Rents for the co-living units vary by location and operator. WeLive, the co-living operation of the co-working company WeWork, offers fully furnished studio units in Manhattan starting at $3,175 per month. Average traditional studio units in the area run $3,161 per month without the furnishings and other amenities. Common, one of the largest co-living operators, offers units in Crown Heights starting at $1,340 per month, compared to the average traditional unit price in Brooklyn of $2,722 per month, according to an April 2019 report from the brokerage MNS.

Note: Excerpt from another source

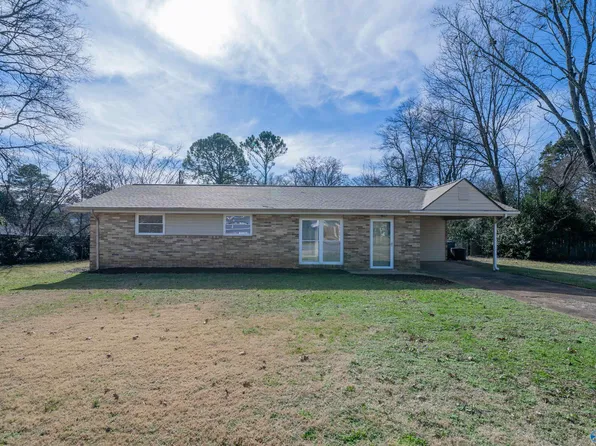 6303 Sheri Dr NW, Huntsville, AL 35806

So far the funding for projects is nearly all private. Quarters has raised $1.4 billion in equity and debt for co-living projects globally, with $300 million earmarked for projects in North America. Currently there are 3,053 beds already online in the United States among the six largest players in co-living: Common, Ollie, Quarters, Starcity, WeLive, and X Social Communities, and that group reports a combined 9,300 beds in the pipeline. Demand seems strong. In 2018, Common had more than 14,000 applications for just 700 open beds nationwide.

Since the property type is so new, there is little information available to lenders, investors, developers and appraisers. Expense histories, occupancy rates, development costs and rates of return are going to be watched carefully as this asset class matures. Will conversions from existing space prove cost effective, or will ground-up development prove wiser? Is the business model scalable, and how well does a co-living space interact with traditional units in the same building? How will changing demographics over the next decade change the demand characteristics for this property type? How are the intangible elements of the properties identified and valued? How much conventional demand will the properties siphon away from single family subdivisions and traditional multi-family projects?

As more capital is deployed for development over the next five years, investors and other stakeholders in the market will have more information on this niche asset, determining if this is a residential trend to stay, returning us to our communal roots, or whether this was just a temporary market experiment. In the meantime, best to hold off on drinking any free Kool-Aid.